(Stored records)
..............................

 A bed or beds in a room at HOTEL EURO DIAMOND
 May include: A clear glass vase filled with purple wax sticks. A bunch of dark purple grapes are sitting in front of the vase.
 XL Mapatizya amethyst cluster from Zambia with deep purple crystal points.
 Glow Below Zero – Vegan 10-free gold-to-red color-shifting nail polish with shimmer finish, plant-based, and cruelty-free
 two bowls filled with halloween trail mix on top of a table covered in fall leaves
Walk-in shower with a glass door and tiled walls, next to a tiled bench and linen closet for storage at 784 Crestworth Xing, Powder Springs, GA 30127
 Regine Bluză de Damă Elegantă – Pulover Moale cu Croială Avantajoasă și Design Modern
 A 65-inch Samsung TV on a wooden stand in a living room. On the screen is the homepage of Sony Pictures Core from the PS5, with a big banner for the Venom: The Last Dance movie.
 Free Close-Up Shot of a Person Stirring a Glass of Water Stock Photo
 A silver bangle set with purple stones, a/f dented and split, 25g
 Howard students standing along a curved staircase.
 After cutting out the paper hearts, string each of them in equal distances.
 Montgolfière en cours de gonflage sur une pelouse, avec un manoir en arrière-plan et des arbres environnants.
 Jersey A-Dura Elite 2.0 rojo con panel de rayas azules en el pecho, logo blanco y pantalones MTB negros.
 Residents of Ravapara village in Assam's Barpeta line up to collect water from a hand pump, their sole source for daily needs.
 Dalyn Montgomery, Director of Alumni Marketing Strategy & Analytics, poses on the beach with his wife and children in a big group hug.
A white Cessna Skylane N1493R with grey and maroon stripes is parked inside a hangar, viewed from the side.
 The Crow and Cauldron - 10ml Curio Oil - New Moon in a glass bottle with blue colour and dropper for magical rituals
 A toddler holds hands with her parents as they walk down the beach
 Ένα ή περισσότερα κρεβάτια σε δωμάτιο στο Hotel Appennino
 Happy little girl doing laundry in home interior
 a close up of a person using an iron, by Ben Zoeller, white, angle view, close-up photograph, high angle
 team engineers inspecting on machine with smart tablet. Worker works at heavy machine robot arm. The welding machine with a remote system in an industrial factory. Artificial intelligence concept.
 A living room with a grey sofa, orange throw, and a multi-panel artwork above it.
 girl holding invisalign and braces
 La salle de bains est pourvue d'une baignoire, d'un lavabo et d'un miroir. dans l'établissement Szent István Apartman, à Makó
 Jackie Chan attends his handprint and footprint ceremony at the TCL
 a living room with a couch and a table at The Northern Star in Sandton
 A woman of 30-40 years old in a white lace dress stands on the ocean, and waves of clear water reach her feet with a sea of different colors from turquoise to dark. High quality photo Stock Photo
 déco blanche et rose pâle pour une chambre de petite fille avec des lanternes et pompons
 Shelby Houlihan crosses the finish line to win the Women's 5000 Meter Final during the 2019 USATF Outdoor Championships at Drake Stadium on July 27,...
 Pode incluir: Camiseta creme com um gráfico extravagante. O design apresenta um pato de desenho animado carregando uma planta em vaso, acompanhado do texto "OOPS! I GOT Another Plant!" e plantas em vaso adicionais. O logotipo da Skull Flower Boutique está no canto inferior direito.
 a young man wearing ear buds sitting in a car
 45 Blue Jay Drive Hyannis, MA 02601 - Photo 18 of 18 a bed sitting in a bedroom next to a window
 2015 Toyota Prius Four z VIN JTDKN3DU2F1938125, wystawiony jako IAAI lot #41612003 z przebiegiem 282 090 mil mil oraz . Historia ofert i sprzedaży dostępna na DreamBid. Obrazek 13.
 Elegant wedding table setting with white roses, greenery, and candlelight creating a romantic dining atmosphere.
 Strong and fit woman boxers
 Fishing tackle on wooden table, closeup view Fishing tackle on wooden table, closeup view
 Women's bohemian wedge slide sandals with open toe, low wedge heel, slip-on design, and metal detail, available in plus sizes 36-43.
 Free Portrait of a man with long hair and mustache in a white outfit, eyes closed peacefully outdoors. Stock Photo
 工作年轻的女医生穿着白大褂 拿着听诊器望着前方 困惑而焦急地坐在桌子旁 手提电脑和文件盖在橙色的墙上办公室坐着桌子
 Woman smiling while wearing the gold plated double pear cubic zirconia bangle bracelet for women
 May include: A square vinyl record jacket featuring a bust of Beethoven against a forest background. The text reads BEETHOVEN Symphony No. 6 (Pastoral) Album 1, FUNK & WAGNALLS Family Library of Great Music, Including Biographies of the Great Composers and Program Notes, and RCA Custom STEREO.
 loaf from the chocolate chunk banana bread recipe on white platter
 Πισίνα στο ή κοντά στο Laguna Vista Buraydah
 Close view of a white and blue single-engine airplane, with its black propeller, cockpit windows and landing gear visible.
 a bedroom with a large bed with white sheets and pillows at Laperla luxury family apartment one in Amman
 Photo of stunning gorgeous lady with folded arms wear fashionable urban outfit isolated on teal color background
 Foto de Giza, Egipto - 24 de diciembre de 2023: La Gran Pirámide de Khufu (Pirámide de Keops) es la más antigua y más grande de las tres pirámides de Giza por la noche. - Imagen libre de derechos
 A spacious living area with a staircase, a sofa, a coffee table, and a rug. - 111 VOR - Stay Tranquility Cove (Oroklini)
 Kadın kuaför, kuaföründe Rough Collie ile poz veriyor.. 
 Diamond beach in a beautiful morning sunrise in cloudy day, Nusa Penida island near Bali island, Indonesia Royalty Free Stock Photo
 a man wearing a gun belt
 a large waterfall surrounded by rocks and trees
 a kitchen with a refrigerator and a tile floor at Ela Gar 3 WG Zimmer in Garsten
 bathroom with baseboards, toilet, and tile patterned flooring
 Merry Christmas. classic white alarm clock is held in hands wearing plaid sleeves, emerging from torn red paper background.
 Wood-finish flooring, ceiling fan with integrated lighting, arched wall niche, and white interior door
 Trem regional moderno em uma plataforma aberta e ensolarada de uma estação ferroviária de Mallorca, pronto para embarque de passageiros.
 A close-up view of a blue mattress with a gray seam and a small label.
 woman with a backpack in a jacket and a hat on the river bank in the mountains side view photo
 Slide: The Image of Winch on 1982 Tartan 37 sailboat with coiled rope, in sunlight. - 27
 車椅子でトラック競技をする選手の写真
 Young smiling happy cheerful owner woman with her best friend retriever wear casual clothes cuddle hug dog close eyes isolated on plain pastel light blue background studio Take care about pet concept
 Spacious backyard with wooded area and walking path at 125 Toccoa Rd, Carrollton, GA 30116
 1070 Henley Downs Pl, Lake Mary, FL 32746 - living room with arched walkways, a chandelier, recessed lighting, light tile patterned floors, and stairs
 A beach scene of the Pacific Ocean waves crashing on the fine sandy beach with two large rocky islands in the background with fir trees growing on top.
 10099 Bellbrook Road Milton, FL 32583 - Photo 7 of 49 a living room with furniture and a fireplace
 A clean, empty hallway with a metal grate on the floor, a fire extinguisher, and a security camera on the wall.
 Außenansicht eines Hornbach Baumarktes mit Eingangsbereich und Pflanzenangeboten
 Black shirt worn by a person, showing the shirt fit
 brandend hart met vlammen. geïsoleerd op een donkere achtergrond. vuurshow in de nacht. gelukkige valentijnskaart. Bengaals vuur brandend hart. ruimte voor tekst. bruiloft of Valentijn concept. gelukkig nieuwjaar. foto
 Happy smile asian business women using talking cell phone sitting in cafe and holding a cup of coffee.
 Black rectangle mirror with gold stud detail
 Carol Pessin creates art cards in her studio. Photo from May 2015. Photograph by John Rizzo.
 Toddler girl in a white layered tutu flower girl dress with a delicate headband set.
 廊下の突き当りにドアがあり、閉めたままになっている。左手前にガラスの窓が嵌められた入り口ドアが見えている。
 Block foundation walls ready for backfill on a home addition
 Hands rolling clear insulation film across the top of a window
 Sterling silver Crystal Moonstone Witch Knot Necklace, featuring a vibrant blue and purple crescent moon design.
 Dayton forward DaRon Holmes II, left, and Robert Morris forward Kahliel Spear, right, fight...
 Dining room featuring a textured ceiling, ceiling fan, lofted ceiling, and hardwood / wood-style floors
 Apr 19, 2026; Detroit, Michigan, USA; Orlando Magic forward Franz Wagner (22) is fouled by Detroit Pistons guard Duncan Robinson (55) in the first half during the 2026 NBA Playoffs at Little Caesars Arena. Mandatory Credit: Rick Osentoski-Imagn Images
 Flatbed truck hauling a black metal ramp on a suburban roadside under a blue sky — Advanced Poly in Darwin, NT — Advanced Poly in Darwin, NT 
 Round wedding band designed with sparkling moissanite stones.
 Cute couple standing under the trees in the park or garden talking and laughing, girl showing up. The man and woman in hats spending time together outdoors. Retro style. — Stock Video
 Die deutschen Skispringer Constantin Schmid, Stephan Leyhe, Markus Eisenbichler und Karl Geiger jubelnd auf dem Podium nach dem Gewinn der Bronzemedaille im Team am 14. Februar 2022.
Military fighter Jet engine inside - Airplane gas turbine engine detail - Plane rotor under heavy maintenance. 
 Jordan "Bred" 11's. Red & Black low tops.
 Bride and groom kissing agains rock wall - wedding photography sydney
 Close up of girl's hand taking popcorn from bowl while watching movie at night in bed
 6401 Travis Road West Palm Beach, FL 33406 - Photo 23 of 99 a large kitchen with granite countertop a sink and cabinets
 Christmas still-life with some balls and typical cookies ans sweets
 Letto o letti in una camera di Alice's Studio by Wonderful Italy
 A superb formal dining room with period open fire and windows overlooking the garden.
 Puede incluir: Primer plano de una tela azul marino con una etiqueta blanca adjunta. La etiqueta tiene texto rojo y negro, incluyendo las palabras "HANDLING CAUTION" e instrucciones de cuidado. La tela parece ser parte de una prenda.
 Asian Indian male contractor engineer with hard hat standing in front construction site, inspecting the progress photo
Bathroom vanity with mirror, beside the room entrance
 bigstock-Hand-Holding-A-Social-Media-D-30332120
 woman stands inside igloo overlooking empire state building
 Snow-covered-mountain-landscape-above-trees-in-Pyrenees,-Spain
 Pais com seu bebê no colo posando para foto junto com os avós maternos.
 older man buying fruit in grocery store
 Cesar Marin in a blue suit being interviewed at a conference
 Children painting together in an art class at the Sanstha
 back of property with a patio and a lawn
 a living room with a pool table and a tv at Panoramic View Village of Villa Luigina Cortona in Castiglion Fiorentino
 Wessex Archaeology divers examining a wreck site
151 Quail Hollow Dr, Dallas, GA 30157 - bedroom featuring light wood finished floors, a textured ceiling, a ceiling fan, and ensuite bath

..............................

Output, exactly and in full, the lines from the start of the entries above through the line that contains "Montgolfière en cours".

• TASK RESULT
 A bed or beds in a room at HOTEL EURO DIAMOND
 May include: A clear glass vase filled with purple wax sticks. A bunch of dark purple grapes are sitting in front of the vase.
 XL Mapatizya amethyst cluster from Zambia with deep purple crystal points.
 Glow Below Zero – Vegan 10-free gold-to-red color-shifting nail polish with shimmer finish, plant-based, and cruelty-free
 two bowls filled with halloween trail mix on top of a table covered in fall leaves
Walk-in shower with a glass door and tiled walls, next to a tiled bench and linen closet for storage at 784 Crestworth Xing, Powder Springs, GA 30127
 Regine Bluză de Damă Elegantă – Pulover Moale cu Croială Avantajoasă și Design Modern
 A 65-inch Samsung TV on a wooden stand in a living room. On the screen is the homepage of Sony Pictures Core from the PS5, with a big banner for the Venom: The Last Dance movie.
 Free Close-Up Shot of a Person Stirring a Glass of Water Stock Photo
 A silver bangle set with purple stones, a/f dented and split, 25g
 Howard students standing along a curved staircase.
 After cutting out the paper hearts, string each of them in equal distances.
 Montgolfière en cours de gonflage sur une pelouse, avec un manoir en arrière-plan et des arbres environnants.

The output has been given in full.